In 1905, music was the promise of independence. In Moulins, where Gabrielle dreamt of bei g a café-concert singer, she performed popular songs such as: Qui qu’a vu Coco [Who Has Seen Coco?] If her voice was not quite up to scratch, it clearly showed this young woman’s fiery temperament and, although failing to offer her the freedom she sought, music was to give her a nickname: “Coco”.
She soon shared this interest in music with friends who would fine-tune her musical education, like the singer Marthe Davelli or the ever-essential Misia Sert. An exceptional pianist, Misia was also the muse of avant-garde composers. Like her, Gabrielle Chanel would support them throughout her life, and by fostering the development of contemporary music she inscribed her name in the history of its making.
Among the musicians, like with the painters and writers who would soon form her circle of intimate friends, she discovered a taste for rhythm, movement and change. This sense of rupture she shared with all the moderns would allow her to provide fashion with another quite different destiny.
This daring breakaway spirit, Gabrielle Chanel found in the composer Igor Stravinsky, who, in the early 1910s made his mark on the Parisian scene with The Firebird, Petrushka and The Rite of Spring. Three works composed for Sergei Diaghilev’s Ballets Russes whose unprecedented rhythms and sounds marked a decisive turning point in the history of French music. Aware of the great aesthetic importance of these works, Gabrielle Chanel financed the recreation of The Rite of Spring, before accommodating the Russian composer and his family for nearly a year at Bel Respiro, the villa she owned in Garches.
The closeness of the language they shared inevitably drew Igor and Gabrielle together and was expressed in 1921, in a game of correspondences that gave a voice to their work.

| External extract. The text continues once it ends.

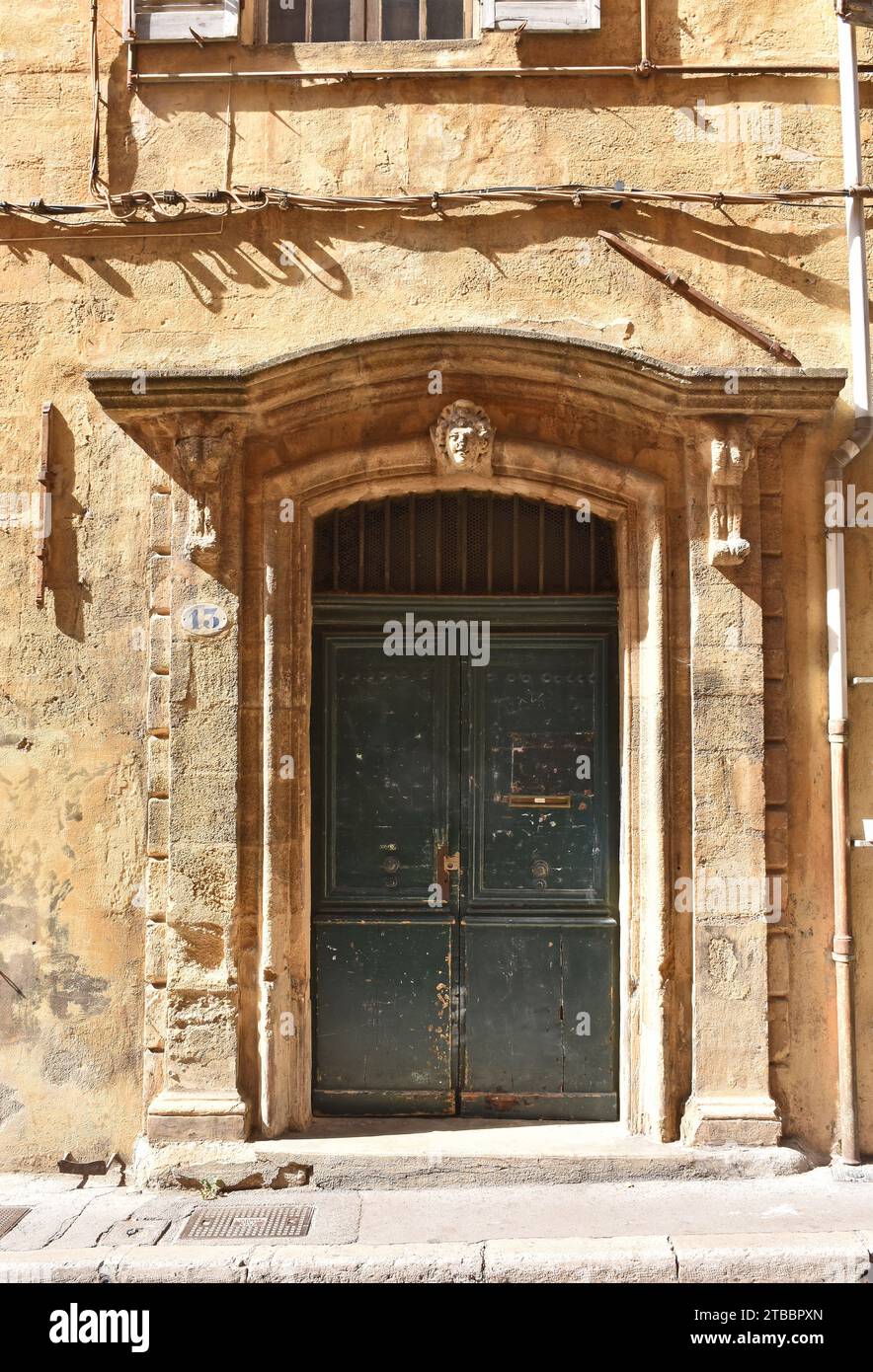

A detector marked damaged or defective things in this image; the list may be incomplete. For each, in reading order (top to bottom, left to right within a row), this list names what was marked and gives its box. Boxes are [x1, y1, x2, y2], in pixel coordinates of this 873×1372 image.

Stravinsky went on to compose The Five Fingers, a piano piece that was striking for its apparent simplicity, minimalism and economy of means. Qualities dear to Gabrielle Chanel, and which took precedence over the creation of her olfactive masterpiece of that year: N°5. If the art of music and of perfumery are linked, it is because they share a common vocabulary. And, the creation of a perfume is revealed through a story of notes, scales, chords and harmony.
At the dawn of the Roaring Twenties, France discovered jazz and Gabrielle Chanel established herself in Haute Couture in a musical environment in full swing. Among those who partied all night long to forget the trauma of the First World War, she could be seen regularly at the Bœuf sur le Toit. A cabaret where all Paris thronged to dance to music whose frantic rhythms evoked Africa or South America. Gabrielle Chanel took the opportunity to adapt her creations to the full range of body movements such music imposed on dance.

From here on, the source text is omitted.